La Conafor y Semarnat Hidalgo concluyeron el documento a finales de 2015; sin embargo, las instancias federales retrasaron la entrega oficial, misma que fue en agosto de este año; actualmente la comisión está en proceso de entregar un ejemplar a cada ayuntamiento para que conozcan el estado que guardan en materia forestal.

  • Bosques de coníferas
    El Inventario Estatal Forestal y de Suelos 2014 reveló que los impactos ambientales más mencionados y visibles en los bosques de coníferas son plagas y enfermedades, y cambio de uso del suelo.

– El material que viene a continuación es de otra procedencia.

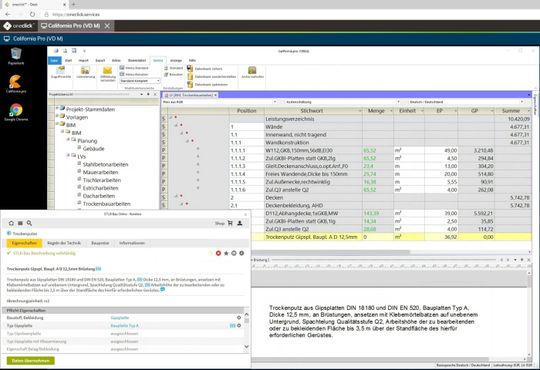 (LV-Erstellung mit STLB-Bau Online. Quelle: G&W Software AG, München)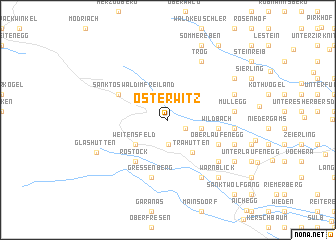 map of Osterwitz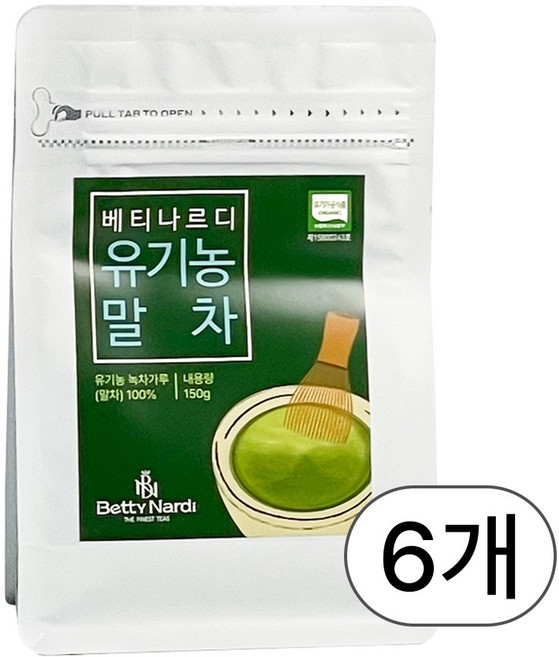 베티나르디 유기농 말차가루 150g, 6개, 1개입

    Además que los daños que más afectan a esa formación son las plantas parásitas y epífitas, los incendios forestales y el daño humano directo, que representan 57.5 por ciento de los individuos reportados con daño.
    Indicó que esa formación tiene excelente potencial forestal, ya que posee un incremento medio anual total de 405 mil 646.06 metros cúbicos.

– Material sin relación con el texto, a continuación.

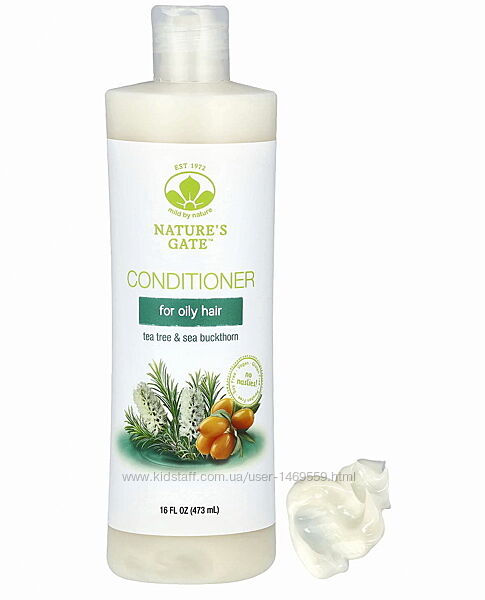 Mild By Nature кондиціонер із чайним деревом і обліпихою для жирного волосс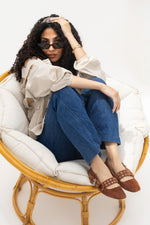 Siena Brown Suede Ballerinas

    La formación se desarrolla en 41 de los 84 municipios de la entidad; misma que está compuesta de los tipos de vegetación bosque de oyamel (BA), bosque de pino (BP) y bosque de táscate (BJ). Los géneros más representativos son Pinus, Cupressus, Juniperus y Abies, que además son de interés comercial para el sector forestal.
  • Coníferas y latifoliadas
    Los daños que más afectan a esa formación son insectos, incendios y enfermedades, que juntos representan a 62.2 por ciento de los individuos dañados. Son los impactos ambientales más mencionados y visibles.
    Esa formación tiene un potencial forestal creciente de 235 mil 364.96 metros cúbicos anuales, y se encuentra en buen estado de conservación, dado que mantiene aún 69.19 por ciento de su vegetación en estado primario.
    De los 84 municipios de la entidad, 35 tienen presencia de esta formación. Los géneros más representativos son Pinus, Quercus y Arbutus, de las cuales las dos primeras son especies de interés comercial para el sector forestal.
  • Latifoliadas
    Estas formaciones son bosques en los que predominan distintas especies de latifoliadas, es decir, especies de hoja ancha, como es el caso del encino; se presentan en 64 municipios de la entidad y ocupan 156 mil 625.80 hectáreas distribuidas en el territorio estatal.
    Los daños que más afectan a esa formación son los insectos, enfermedades y daño humano que juntos representan 64.6 por ciento de los individuos dañados. La formación latifoliadas ostenta el segundo lugar de la superficie forestal, y todavía se conserva 35.21 por ciento de su vegetación en estado primario.
  • Bosque mesófilo
    La formación existe en 30 de los 84 municipios de la entidad, se caracteriza por ser bosques de niebla o mesófilos de montaña, reconocidos por su elevada biodiversidad. Contienen árboles en varios estratos, con abundancia de helechos y epífitas.
    El pastoreo y los incendios forestales son los impactos ambientales más mencionados y visibles. Los daños que más afectan a esa formación son insectos, el daño humano, y las plantas parásitas y epífitas que juntos representan 57.1 por ciento de los individuos dañados.
    La formación ocupa el cuarto lugar por superficie pero el primer lugar en cuanto a número de géneros y especies.